Abstract
This is a case report of an 41-year-old male with obesity (body mass index 90 kg/m2), severe obstructive sleep apnea (OSA), and an apnea-hypopnea index of 90 events/h despite high bilevel positive airway pressure (BPAP). He presented to the PAP Alternatives Clinic and underwent tonsillectomy, expansion sphincter pharyngoplasty, and partial uvulectomy to improve positive airway pressure effectiveness. Postoperative BPAP retitration resolved the patient’s OSA. The patient is currently using BPAP therapy at home with improvement in both objective and self-reported OSA outcomes.
Citation:
Seay EG, Mulholland G, Dedhia RC. Upper airway surgery to rescue the “untitratable” patient with OSA and obesity. J Clin Sleep Med. 2020;16(1):149–151.
INTRODUCTION
Failed positive airway pressure (PAP) titration for obstructive sleep apnea (OSA) despite elevated pressure does occur; however, the prevalence is unknown. Cited reasons for high- pressure requirements include upper airway anatomical abnormalities (eg, tonsillar hypertrophy, deviated septum) and pathophysiological conditions (eg, allergic rhinitis), all potentially necessitating otolaryngology evaluation.1 Surgical treatment of OSA may be indicated for patients in whom primary treatments such as weight loss and PAP therapy have failed. Surgical procedures include tracheostomy, skeletal surgery (eg, maxillomandibular advancement), soft- tissue surgery (eg, uvulopalatopharyngoplasty), and upper airway stimulation. Although multilevel pharyngeal surgery has been shown to reduce OSA severity, it can also facilitate reduced PAP level requirements in patients with previous continuous positive airway pressure (CPAP) intolerance.2 No previous studies have demonstrated the use of upper airway surgery to rescue a previously “untitratable” patient. We present a case report of a patient with obesity and severe residual OSA on PAP who underwent soft-tissue surgery and achieved PAP therapy effectiveness.
REPORT OF CASE
A 41-year-old African-American male with obesity (body mass index 90 kg/m2), diabetes, hypertension, asthma, and past pulmonary embolism on apixaban was referred by his otolaryngologist for evaluation and possible surgical treatment of OSA. OSA was first diagnosed 7 years prior; however, at no time was the patient able to use CPAP consistently. His original sleep study results were unobtainable. CPAP data download revealed severe residual OSA on 13 cm H2O: an apnea-hypopnea index (AHI) of 75.7 events/h despite minimal mask leak (Table 1). Physical examination findings included 4+ palatine tonsils and a Friedman III tongue position. Treatment options were discussed including weight loss, bariatric surgery, tracheostomy, and PAP retrial. He was recommended to undergo a repeat PAP titration with transcutaneous CO2 monitoring and a mask fitting.
Table 1.
Comparison of questionnaire and positive airway pressure treatment data before and after upper airway surgery.
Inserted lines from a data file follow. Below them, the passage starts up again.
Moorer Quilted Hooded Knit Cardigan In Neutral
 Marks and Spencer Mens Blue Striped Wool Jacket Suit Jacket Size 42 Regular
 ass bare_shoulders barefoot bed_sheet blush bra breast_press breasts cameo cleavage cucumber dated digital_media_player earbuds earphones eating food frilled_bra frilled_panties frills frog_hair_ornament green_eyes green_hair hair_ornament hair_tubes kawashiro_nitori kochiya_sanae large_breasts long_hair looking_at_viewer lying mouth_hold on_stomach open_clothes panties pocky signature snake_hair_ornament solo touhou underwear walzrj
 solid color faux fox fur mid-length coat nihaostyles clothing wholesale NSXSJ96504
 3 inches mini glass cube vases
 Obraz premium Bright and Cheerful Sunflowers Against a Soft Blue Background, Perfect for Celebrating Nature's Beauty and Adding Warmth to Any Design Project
PAP titration failed to establish an optimal pressure despite high CPAP and bilevel positive airway pressure (BPAP) levels (Table 1). Residual AHI was 90.1 events/h on BPAP therapy: inspiratory positive airway pressure (IPAP) of 30 cm H2O and expiratory positive airway pressure (EPAP) of 15 cm H2O. The large pressure support gap resulted from titration of IPAP for hypopneas because obstructive apneas were not observed after EPAP reached 15 cm H2O. Titration protocol was not strictly followed because the maximum recommended IPAP-EPAP differential is 10 cm H2O.
At the follow-up visit, surgical treatment options were discussed further and tracheostomy was recommended; however, the patient declined due to procedure morbidity. He instead elected to proceed with tonsillectomy, expansion sphincter pharyngoplasty, and partial uvulectomy followed by PAP retrial. The patient was optimized by the preoperative team to be cleared for anesthesia and surgery. Surgery was performed without complications. Of note, tonsillar volume was significant at 10 cc measured by water displacement. He experienced a short episode of self-limited bleeding on postoperative day 14 requiring discontinuation of apixaban for 2 days. Upon resumption of apixaban, he experienced no further issues.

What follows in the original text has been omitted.